Introducing Sector Deep-Dives: The Analysis That Lives Between Companies

March 7, 2026 · 12 min read

We've analyzed 47 companies through 13 lenses, producing thousands of reports. We've built a macro analysis vertical that tracks how monetary policy, trade dynamics, and global capital flows cascade into equity valuations. But there was a gap between them.

When our Moat Mapper analyzed CrowdStrike, it didn't know what the same lens found about Okta. When the Gravy Gauge assessed Salesforce's revenue durability, it had no idea that ServiceNow's renewal rate was 98%. Each analysis was excellent in isolation and blind in context.

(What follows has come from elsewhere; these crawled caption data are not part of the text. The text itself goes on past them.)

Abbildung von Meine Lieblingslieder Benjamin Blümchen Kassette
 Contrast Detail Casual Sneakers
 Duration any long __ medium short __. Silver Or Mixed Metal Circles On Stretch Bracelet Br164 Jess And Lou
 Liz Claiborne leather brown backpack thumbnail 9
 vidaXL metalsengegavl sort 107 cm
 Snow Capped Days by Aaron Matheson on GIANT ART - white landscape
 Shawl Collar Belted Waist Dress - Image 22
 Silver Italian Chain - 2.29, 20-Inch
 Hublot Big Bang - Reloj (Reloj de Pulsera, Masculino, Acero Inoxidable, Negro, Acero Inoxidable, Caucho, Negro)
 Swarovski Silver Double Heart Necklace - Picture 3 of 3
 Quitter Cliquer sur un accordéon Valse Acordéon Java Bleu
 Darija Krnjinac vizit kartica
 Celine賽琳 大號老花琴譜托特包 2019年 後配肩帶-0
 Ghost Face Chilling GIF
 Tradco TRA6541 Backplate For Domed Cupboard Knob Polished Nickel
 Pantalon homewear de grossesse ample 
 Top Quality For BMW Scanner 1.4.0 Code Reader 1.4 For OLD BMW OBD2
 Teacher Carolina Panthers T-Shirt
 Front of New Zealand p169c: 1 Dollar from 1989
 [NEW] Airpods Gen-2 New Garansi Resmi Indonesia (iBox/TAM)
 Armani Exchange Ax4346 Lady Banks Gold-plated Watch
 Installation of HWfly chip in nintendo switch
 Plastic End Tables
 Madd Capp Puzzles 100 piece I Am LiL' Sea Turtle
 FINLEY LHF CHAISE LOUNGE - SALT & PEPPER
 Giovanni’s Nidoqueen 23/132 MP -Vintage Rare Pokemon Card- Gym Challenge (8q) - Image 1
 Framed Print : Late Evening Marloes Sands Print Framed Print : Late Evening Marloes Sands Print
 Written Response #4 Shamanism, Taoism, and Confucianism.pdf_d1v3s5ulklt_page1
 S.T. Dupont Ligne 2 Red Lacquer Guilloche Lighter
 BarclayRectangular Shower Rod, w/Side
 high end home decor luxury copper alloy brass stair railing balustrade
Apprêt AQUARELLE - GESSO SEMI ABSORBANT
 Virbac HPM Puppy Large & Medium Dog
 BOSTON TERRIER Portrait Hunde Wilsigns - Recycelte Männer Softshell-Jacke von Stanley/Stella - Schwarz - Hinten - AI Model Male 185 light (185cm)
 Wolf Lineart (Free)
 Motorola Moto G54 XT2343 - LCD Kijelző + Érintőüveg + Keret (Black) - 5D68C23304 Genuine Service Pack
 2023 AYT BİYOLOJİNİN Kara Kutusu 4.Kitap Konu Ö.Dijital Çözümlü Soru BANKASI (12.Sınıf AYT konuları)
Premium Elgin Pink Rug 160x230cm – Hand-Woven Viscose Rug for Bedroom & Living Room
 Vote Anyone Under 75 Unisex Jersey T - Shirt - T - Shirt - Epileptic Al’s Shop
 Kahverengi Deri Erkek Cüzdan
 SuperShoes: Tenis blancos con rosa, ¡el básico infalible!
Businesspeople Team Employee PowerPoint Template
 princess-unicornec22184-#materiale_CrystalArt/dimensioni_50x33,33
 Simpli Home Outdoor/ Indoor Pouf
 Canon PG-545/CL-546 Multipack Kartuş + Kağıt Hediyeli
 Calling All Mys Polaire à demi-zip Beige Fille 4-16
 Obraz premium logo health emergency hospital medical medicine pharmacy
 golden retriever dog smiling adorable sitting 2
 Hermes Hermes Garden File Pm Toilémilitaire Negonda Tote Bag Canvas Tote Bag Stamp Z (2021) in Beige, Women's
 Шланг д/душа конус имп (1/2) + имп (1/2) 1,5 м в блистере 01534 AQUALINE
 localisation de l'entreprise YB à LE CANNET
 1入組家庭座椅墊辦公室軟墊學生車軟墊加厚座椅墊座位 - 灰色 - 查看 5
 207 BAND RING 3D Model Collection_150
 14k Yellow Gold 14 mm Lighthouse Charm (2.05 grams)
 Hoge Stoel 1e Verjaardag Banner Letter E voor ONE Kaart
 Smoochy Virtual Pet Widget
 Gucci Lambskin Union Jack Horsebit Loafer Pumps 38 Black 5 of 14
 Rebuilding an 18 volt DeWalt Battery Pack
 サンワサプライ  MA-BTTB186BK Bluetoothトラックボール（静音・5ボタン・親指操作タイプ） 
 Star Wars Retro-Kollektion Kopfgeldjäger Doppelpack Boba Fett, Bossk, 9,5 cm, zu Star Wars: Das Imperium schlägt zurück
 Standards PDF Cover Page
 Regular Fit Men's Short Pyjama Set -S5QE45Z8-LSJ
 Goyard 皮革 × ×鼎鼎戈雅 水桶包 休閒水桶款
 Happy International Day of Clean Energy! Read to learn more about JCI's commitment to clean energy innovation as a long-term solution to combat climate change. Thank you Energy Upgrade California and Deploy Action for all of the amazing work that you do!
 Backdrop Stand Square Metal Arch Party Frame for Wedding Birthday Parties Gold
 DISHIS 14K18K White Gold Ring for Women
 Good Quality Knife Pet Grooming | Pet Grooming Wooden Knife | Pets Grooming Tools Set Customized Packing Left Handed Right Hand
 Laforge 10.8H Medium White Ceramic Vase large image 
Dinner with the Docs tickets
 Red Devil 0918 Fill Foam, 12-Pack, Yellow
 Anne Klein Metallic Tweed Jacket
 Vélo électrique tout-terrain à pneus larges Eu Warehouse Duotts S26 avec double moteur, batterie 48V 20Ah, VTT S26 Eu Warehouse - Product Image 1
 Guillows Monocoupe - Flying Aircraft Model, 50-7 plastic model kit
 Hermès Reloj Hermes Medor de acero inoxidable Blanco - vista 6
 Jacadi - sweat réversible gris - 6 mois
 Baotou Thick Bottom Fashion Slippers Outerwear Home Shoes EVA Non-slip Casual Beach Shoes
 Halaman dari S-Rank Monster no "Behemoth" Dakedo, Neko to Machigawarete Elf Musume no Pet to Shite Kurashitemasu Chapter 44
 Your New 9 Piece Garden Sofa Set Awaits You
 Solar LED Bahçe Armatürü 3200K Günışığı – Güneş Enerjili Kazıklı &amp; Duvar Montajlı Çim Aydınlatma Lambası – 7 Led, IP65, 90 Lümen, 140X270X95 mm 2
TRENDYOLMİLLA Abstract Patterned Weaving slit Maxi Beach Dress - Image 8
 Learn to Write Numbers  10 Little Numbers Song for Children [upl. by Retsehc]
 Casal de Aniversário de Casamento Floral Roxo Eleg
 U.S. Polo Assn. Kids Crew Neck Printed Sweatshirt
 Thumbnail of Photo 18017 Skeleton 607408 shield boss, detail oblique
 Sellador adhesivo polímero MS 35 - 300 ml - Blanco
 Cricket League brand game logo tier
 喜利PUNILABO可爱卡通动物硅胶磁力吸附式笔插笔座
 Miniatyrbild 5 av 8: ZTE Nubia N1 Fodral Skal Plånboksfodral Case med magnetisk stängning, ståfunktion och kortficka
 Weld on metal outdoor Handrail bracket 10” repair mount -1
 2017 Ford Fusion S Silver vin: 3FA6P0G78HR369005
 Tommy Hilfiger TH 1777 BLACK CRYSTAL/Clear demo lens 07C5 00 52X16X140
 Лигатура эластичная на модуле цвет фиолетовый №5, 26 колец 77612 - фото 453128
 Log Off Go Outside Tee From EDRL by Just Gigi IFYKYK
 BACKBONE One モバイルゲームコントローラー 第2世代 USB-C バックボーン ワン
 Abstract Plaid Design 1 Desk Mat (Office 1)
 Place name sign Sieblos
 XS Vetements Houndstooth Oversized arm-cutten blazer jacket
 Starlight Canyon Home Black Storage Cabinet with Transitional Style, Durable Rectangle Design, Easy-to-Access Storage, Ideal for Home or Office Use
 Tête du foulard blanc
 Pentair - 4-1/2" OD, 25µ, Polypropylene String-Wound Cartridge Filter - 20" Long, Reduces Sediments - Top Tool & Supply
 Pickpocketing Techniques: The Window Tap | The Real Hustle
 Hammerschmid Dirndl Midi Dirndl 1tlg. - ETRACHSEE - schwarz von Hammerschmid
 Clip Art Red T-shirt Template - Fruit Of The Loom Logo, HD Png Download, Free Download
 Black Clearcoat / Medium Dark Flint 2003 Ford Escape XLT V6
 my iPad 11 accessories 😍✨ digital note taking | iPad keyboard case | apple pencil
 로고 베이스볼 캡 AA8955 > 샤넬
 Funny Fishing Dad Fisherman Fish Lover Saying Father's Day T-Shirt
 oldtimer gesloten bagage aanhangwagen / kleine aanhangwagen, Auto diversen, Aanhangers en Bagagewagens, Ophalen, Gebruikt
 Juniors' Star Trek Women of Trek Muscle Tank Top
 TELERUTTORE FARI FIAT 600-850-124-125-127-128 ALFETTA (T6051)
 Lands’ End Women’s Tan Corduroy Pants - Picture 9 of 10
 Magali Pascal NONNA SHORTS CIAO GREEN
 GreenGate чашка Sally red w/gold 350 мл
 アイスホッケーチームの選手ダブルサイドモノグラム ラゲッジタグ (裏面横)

Sector Deep-Dives fills that gap. It's our third analytical vertical — industry-level analysis that operates between companies, synthesizing what we already know about individual equities into cross-company insights that no single-stock lens can produce.

The Core Innovation
Sector analysis doesn't start from scratch. It starts from our existing equity analyses. The “Equity Digest” aggregates 14 signals across all companies in a sector into a cross-company heatmap — revealing patterns that are invisible when you look at one company at a time.

The Three Pillars

Runchey Research now operates across three analytical verticals. Each asks a fundamentally different question:

Equity Analysis — 13 lenses, 47 companies

“What is this company worth, and is the market pricing it correctly?” Deep single-company analysis from SEC filings, transcripts, and alternative data.

Macro Themes — 13 lenses, 6 themes

“How do economic forces cascade into valuations?” Causal effect deltas measuring how monetary policy, trade dynamics, and global flows affect specific companies.

Sector Deep-Dives — 6 lenses, industry groupsNEW

“Who is winning, who is losing, and what structural forces shape the industry?” Cross-company analysis using our own equity data as the primary input, supplemented by industry-level external data.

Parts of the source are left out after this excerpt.